Review of operations

Quarter ended June 2016 compared with quarter ended 31 March 2016

South Africa region

South Deep Project

      June
2016
  March
2016
 
Gold produced 000’oz   76.5   63.6  
  kg   2,378   1,978  
Yield – underground reef g/t   5.66   5.91  
AISC R/kg   615,697   600,563  
  US$/oz   1,268   1,183  
AIC R/k   627,233   616,706  
  US$/oz   1,293   1,215  

Gold production increased by 20 per cent from 1,978 kilograms (63,600 ounces) in the March quarter to 2,378 kilograms (76,500 ounces) in the June quarter due to higher volumes.

Underground tonnes milled increased by 26 per cent from 332,000 tonnes in the March quarter to 418,000 tonnes in the June quarter. Total tonnes milled increased by 11 per cent from 543,000 tonnes to 601,000 tonnes. Total tonnes milled in the June quarter included 24,000 tonnes of underground waste mined and 158,800 tonnes of surface tailings material compared with 23,000 tonnes of underground waste mined and 187,500 tonnes of surface tailings material in the March quarter. Underground reef yield decreased by 4 per cent from 5.91 grams per tonne to 5.66 grams per tonne due to higher development tonnes mined in lower grade areas.
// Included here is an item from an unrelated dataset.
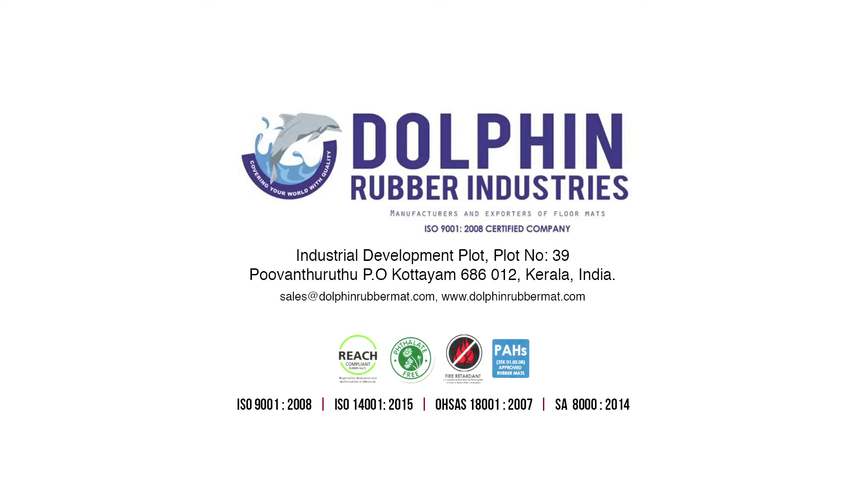Dolphin Rubber Industries. Industrial Development Plot, Plot No. 39, Pooanturuta P.O., Kottayam, 686012, Kerala, India.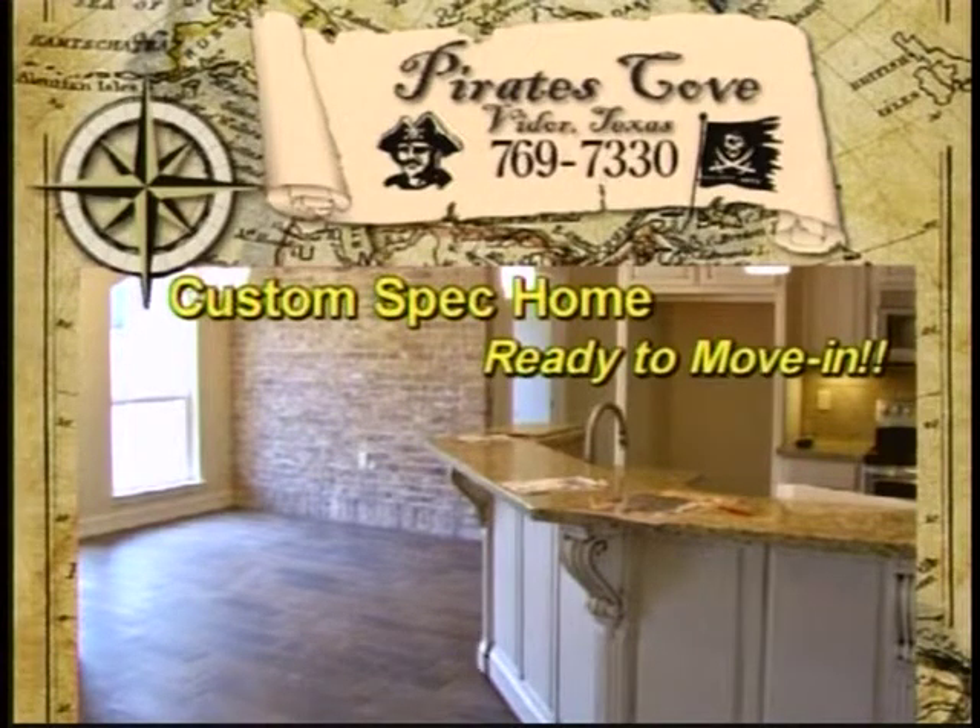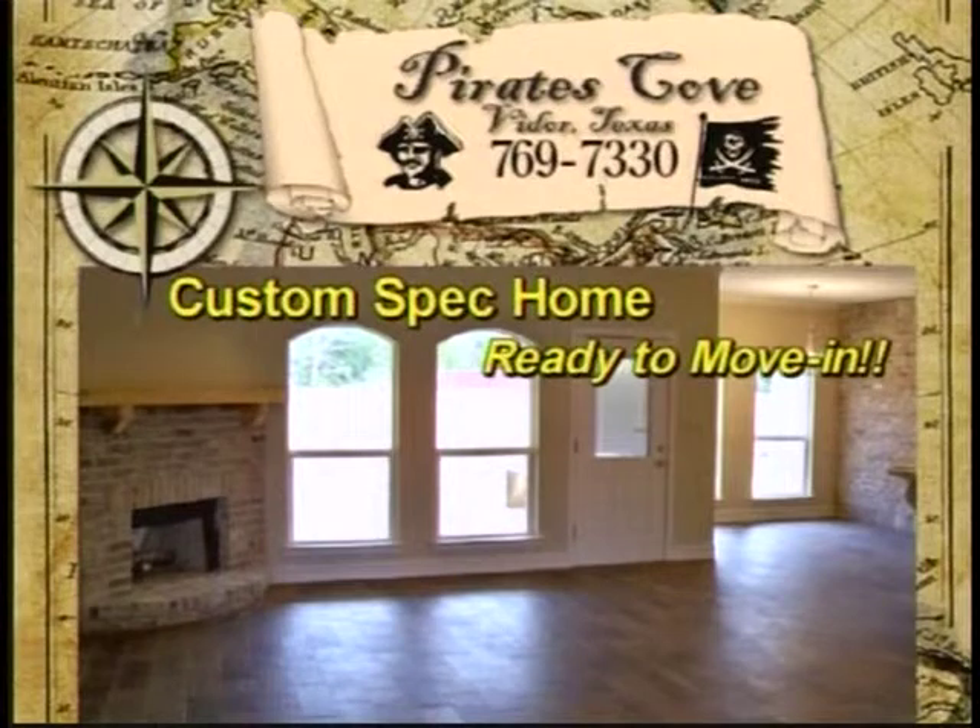Smart house technology allows you to automate your home. Your security system, lights, electrical installations, thermostat, cameras, doors, locks, and over a thousand other gadgets can be controlled in the palm of your hand with your smartphone.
Development increased by 38 per cent from 1,292 metres in the March quarter to 1,786 metres in the June quarter. New mine capital development (phase one, sub 95 level) increased by 6 per cent from 252 metres in the March quarter to 266 metres in the June quarter. Development in the current mine areas in 95 level and above increased by 46 per cent from 1,040 metres to 1,520 metres. Destress mining decreased by 5 per cent from 10,158 square metres in the March quarter to 9,687 square metres in the June quarter. High profile destress mining improved by 35 per cent from 4,517 square metres to 6,082 square metres. Low profile destress mining decreased by 36 per cent from 5,641 square metres to 3,605 square metres due to the strategic change in the mining method from low to high profile destress which commenced in the September 2015 quarter. The high profile and low profile methods contributed 63 per cent and 37 per cent, respectively, to total destress. All low profile destress was completed subsequent to quarter-end.

The current mine (95 level and above) contributed 66 per cent of the ore tonnes in the June quarter, while the new mine (below 95 level) contributed 34 per cent. The long-hole stoping method accounted for 39 per cent of total ore tonnes mined in the June quarter compared with 46 per cent in the March quarter. The decrease is due to the temporary loss of two drill rigs after a fall of ground incident.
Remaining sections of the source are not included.